This is the "drop a file and ask again" loop. The index is just a JSON file — no database, no vector server to run. Perfect for a local demo and trivial to inspect.

Step 4

Retrieve with BM25 (zero setup)

Given a question, which chunks are relevant? The simplest robust answer is BM25, a classic keyword-ranking algorithm. It needs no model and no embedding service, so it works with any provider — including Claude Code, which can't embed.

localrag/retriever.py

import re
from rank_bm25 import BM25Okapi

def _tokenize(text):
    return re.findall(r"[a-z0-9]+", text.lower())

class Bm25Retriever:
    name = "bm25"
    def __init__(self, chunks):
        self.chunks = chunks
        self.bm25 = BM25Okapi([_tokenize(c["text"]) for c in chunks] or [[""]])

    def search(self, query, k):
        if not self.chunks:
            return []
        scores = self.bm25.get_scores(_tokenize(query))
        ranked = sorted(range(len(self.chunks)),
                        key=lambda i: scores[i], reverse=True)
        return [self.chunks[i] for i in ranked[:k]]
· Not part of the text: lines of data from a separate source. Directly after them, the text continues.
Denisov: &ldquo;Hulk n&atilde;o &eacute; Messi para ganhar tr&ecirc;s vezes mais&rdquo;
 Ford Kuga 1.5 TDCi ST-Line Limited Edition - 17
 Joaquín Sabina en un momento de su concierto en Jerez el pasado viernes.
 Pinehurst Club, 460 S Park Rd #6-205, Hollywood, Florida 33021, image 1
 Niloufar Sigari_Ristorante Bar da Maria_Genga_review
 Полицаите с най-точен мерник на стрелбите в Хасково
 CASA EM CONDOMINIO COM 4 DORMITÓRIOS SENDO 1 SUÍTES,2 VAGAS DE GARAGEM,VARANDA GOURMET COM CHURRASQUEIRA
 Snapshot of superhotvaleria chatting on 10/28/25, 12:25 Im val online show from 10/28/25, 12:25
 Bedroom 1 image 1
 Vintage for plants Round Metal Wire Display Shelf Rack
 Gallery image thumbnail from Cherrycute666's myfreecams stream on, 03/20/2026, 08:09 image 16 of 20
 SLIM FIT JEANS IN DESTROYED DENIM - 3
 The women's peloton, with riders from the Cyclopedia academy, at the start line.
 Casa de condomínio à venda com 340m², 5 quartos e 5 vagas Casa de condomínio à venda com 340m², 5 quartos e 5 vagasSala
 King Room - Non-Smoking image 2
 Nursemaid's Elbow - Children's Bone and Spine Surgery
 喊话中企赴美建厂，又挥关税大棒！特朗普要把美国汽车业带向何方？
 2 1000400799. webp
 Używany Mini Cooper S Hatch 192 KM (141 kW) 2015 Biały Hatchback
node/lesson-1/src/retriever.js

function tokenize(text) {
  return text.toLowerCase().match(/[a-z0-9]+/g) || [];
}

class Bm25Retriever {
  // The constructor builds idf + per-doc term frequencies (k1=1.5, b=0.75) —
  // a from-scratch BM25 Okapi, since there's no rank-bm25 in Node.
  search(query, k) {
    if (!this.chunks.length || k <= 0) return [];
    const scores = this.scores(tokenize(query));
    const ranked = scores.map((_, i) => i).sort((a, b) => scores[b] - scores[a]);
    const top = ranked.slice(0, k);
    const best = scores[top[0]];
    if (best <= 0) return top.map((i) => this.chunks[i]);
    return top.filter((i) => scores[i] > 0).map((i) => this.chunks[i]);
  }
}

dotnet/lesson-1/Retriever.cs

// The constructor builds idf + per-doc term frequencies (k1=1.5, b=0.75) —
// a from-scratch BM25 Okapi, since there's no rank-bm25 in .NET.
public List<Chunk> Search(string query, int k)
{
    if (_chunks.Count == 0 || k <= 0) return new List<Chunk>();
    var scores = GetScores(Tokenize(query));
    var ranked = Enumerable.Range(0, _chunks.Count)
        .OrderByDescending(i => scores[i])
        .ToList();
    var top = ranked.Take(k).ToList();
    var best = scores[top[0]];
    if (best <= 0) return top.Select(i => _chunks[i]).ToList();
    return top.Where(i => scores[i] > 0).Select(i => _chunks[i]).ToList();
}

A real bug worth knowing. BM25's IDF goes negative when a word appears in every chunk — common on a tiny corpus. An early version filtered with score > 0 and returned nothing. The fix: don't apply an absolute cutoff — return top-k by rank and let the grounding prompt judge relevance. Retrieval retrieves; the LLM decides. All three ports carry the same fix.

Step 5

The grounding prompt (anti-hallucination)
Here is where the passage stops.